Generare una “guerra tra i sessi” e mettere in contrapposizione ciò di cui il "maschio" e la donna devono o non devono occuparsi in casa, secondo scuole di pensiero standardizzate e, molte volte, contradditorie, non mi sembra sensato nei confronti di entrambi.



In una coppia, è necessario stabilire dei ruoli in casa (che è di fatto un'azienda) come in un qualsiasi posto di lavoro in cui si è pagati per svolgere una determinata mansione. L'unica differenza è che il lavoro viene retribuito e non esistono sentimenti intimi né la possibilità, in molti casi, di scegliere quale mansione svolgere, mentre in una vita a due si ha la possibilità di decidere insieme:

- cosa è compito di chi;

- chi lo svolge meglio;

- cosa non gli /le pesi;

- cosa gli/le piaccia fare

attraverso una innata predisposizione e una comunicazione sincera.


Il dialogo è tutto.


Concordo, invece, sul fatto che una mentalità radicale e una cultura preconcetta che certe madri trasmettono ancora ai propri figli (ad esempio: il maschio porta a casa i soldi, spetta esclusivamente alla donna prendersi cura dei figli, occuparsi delle faccende domestiche, essere a disposizione di tutti, anteporre i bisogni della famiglia ai suoi, ecc.) e figlie (ad esempio: servire e riverire il marito, non permettersi mai di essere stanche, farcela da sole, svolgere più compiti contemporaneamente, pena i sensi di colpa, non essere ritenute perfette, il non sentirsi valorizzate/apprezzate/soddisfatte se non adempiono al proprio ruolo di “moglie tuttofare”, ecc.) sia alquanto discutibile.


Le estremizzazioni da un lato o dall'altro non sono auspicabili.


Non è ammissibile, per giunta, l'intromissione di persone esterne (con i propri e personali rimproveri, rimostranze, giudizi, condanne, ecc.) nella vita di coppia ("tra moglie e marito mai mettere il dito") e nemmeno che dalla donna (un po' ci si presta pure lei) ci si aspetti la totalità dei ruoli in multitasking (=svolgimento di più attività contemporaneamente), oltretutto nocivo per la sua salute fisica e mentale, mentre, ancora oggi, il partner maschile è giustificato e scusato in tutto se assente, distratto, troppo impegnato a fare "altro".


L'uomo, infatti, non deve "dare una mano" in casa quando ha voglia, tempo o gli viene gentilmente richiesto aspettandosi, pure, lodi e ringraziamenti, quasi fosse un favore, ma fare la sua parte.


Mettersi d'accordo.


I compiti (i doveri ci sono sempre e bisogna con-dividerli), se non sono già spontaneamente delineati, devono essere ben studiati e definiti a tavolino (ovviamente, una certa flessibilità per entrambi è d'obbligo), in maniera tale che l'uomo sappia cosa tocca a lui fare come la donna sa cosa spetta a lei, in reciproco accordo; entrambi con la sicurezza di dare/fare il meglio di loro stessi per cooperare alla gestione della casa-azienda.

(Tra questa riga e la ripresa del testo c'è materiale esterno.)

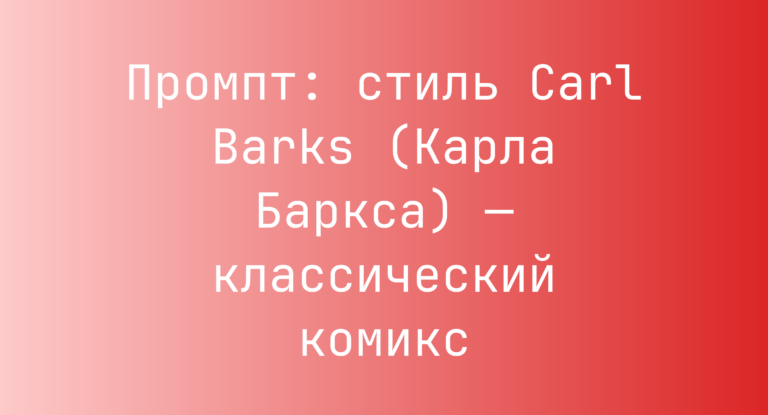 Промпт: стиль Carl Barks (Карла Баркса) — классический комикс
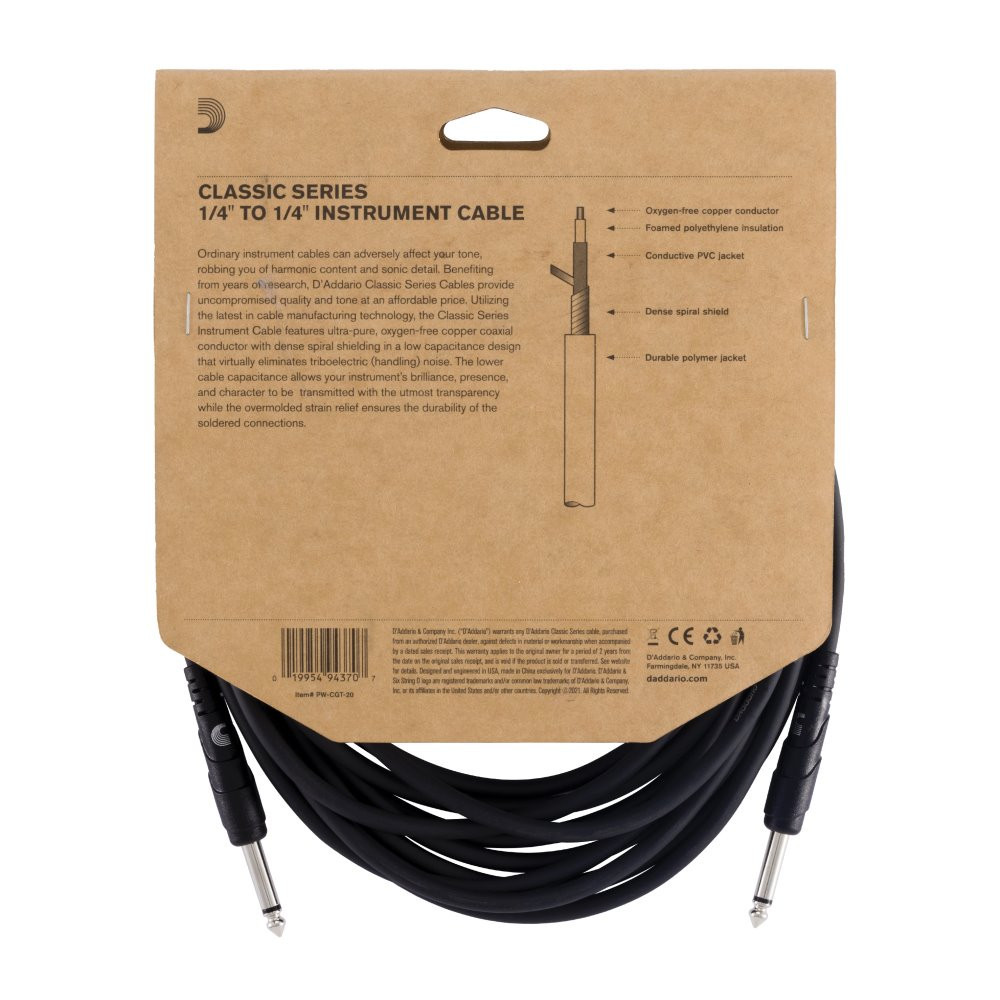D'Addario Classic câble jacks 1/4" droits 6m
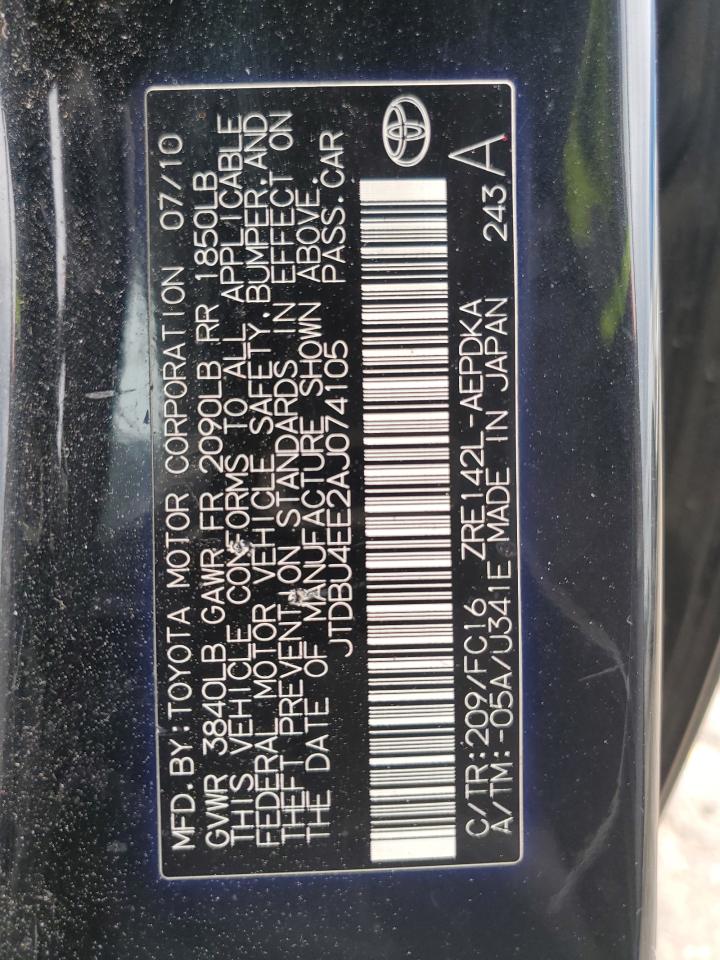 JTDBU4EE2AJ074105 2010 Toyota Corolla Base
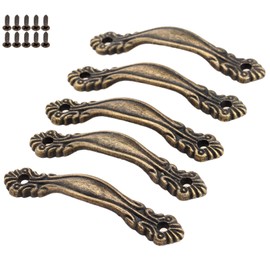 5Pcs Vintage Kitchen Pull Cabinet Door Knobs Handle Bar Furniture Bow Handle 2.56"x 0.43" for Drawer Wardrobe Cupboard Drawer Closet Dresser Furniture Box Case Chest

Se conoscono profondamente sé stessi, se hanno la consapevolezza di chi sono e di cosa vogliono, sanno, conseguentemente, come e dove agire senza interferire nelle mansioni che non siano le proprie.

Convergendo la visione, rispettandosi a vicenda, creando un equilibrio, non c'è litigio e/o giudizio che tenga.

Si tratta di un rapporto/patto/accomodamento/contributo talmente privato, intimo e personale, all’interno delle quattro mura domestiche, che nessuno, al di fuori della coppia, dovrebbe mettere naso e bocca per affermare la sua opinione, in nome di chissà quali soggettive convinzioni e/o rivendicazioni artefatte.